The parameters are chosen as in Fig. 12 with \(d_u=0.8119\). a Initial condition for u, consisting of one square perturbation of the equilibrium \(u^*\), centered at \((x,y)=(12 \pi , 12 \pi )\) and having width \((\Delta x, \Delta y)= (4\pi , 4\pi )\), where \(u_0=-0.2\). The initial condition for v is chosen as \(v=v^*\) for \((x,y) \in \Omega \). b Stationary pattern obtained for u. c Stationary pattern obtained for v

4 Conclusions

In this paper, we have analyzed the stationary patterns supported by a FHN-type model in its excitable regime with linear cross-diffusion terms. We have first investigated close-to-equilibrium structures, the cross-Turing patterns, which emerge due to a Turing instability driven by cross-diffusion. Through the WNL analysis, we have derived the equations for the amplitude of the cross-Turing patterns. The amplitude equation has provided qualitative and quantitative information close to the Turing bifurcation threshold: we have distinguished between supercritical and subcritical bifurcation. Moreover, several patterns, such as rolls, mixed-mode, and hexagons patterns, have appeared, all predicted by the WNL. Secondly, we have numerically investigated the existence of stationary pulse solutions that occur far from equilibrium. We have observed that cross-diffusion allows the formation of large amplitude structures also with short-range inhibition and lateral activation (differently from the classical theory [5]). Moreover, these solitary stationary structures obtained in the presence of cross-diffusion are more robust than their analog ones obtained in the presence of large values of the diffusivity ratio.

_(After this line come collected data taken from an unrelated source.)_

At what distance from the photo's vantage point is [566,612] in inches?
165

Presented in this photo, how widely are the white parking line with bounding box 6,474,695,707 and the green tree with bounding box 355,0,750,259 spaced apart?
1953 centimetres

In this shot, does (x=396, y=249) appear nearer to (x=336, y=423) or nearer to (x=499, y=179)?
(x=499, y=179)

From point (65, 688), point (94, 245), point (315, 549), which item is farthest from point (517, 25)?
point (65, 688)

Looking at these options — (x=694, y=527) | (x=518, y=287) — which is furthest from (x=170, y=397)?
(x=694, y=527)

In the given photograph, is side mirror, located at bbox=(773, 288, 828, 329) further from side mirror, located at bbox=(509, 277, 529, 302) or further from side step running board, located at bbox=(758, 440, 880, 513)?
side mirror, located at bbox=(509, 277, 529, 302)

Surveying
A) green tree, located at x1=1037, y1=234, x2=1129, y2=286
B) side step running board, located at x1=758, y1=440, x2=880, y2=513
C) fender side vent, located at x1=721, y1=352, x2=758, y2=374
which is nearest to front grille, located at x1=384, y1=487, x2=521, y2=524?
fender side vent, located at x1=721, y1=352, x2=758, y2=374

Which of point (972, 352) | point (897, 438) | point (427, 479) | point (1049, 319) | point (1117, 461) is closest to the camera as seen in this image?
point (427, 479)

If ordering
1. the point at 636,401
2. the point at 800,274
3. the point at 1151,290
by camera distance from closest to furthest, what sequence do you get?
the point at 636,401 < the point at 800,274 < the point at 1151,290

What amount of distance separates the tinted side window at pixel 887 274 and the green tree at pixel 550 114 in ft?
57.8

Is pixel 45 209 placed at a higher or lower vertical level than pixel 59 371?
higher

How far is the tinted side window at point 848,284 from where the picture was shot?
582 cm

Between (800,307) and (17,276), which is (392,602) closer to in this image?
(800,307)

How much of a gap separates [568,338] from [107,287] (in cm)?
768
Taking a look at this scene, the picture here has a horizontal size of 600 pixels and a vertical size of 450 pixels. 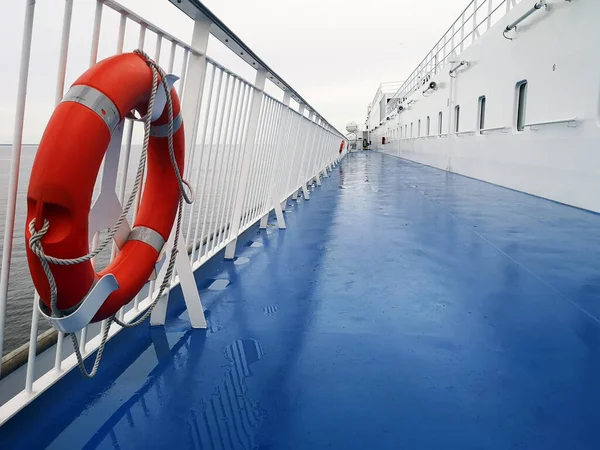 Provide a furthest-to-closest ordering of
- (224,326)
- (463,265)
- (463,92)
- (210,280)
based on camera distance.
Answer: (463,92)
(463,265)
(210,280)
(224,326)

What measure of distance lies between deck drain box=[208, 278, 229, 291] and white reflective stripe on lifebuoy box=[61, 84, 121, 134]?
1391mm

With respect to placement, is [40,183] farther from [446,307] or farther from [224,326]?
[446,307]

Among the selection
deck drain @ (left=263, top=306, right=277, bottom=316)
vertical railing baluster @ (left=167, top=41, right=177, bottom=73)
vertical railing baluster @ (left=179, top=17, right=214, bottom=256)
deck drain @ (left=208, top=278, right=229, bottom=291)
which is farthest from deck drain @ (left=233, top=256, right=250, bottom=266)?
vertical railing baluster @ (left=167, top=41, right=177, bottom=73)

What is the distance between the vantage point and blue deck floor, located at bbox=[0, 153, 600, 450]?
3.53 ft

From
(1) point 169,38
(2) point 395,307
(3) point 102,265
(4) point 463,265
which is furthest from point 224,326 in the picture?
(3) point 102,265

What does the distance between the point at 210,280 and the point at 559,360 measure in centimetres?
Answer: 165

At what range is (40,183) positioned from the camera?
0.82 metres

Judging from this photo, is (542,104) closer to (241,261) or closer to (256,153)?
(256,153)

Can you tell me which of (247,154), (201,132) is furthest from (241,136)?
(201,132)

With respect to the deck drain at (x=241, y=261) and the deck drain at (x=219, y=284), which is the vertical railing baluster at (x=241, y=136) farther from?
the deck drain at (x=219, y=284)

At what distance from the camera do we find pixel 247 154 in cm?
278

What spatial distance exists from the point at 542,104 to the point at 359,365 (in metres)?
5.46

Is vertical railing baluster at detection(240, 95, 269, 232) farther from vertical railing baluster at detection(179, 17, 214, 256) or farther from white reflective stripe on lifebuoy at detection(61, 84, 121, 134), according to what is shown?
white reflective stripe on lifebuoy at detection(61, 84, 121, 134)

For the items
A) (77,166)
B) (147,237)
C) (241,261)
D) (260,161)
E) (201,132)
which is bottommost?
(241,261) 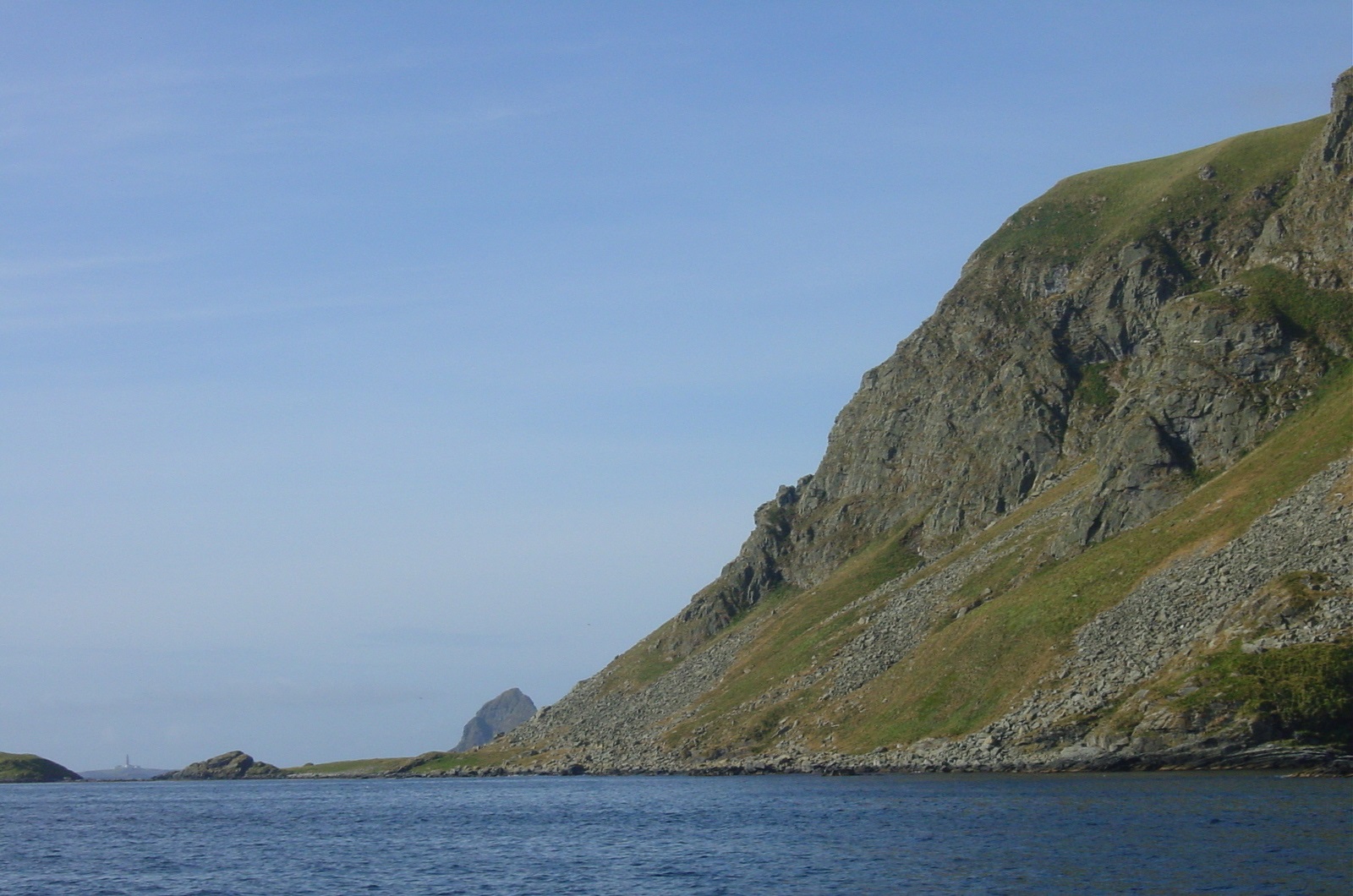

An issue that deserves investigation is the formation of cross-diffusion-driven patterns when the reaction term displays bistability. In this regime, one observes the formation of large amplitude structures that engulf both homogeneous equilibria, and that can be predicted through normal form reduction near the codimension-2 Turing-pitchfork bifurcation point [2].

Moreover, since the FHN system also supports Hopf instability, we believe that a further issue to explore is the spatiotemporal structures arising close to the codimension-2 Turing-Hopf bifurcation point.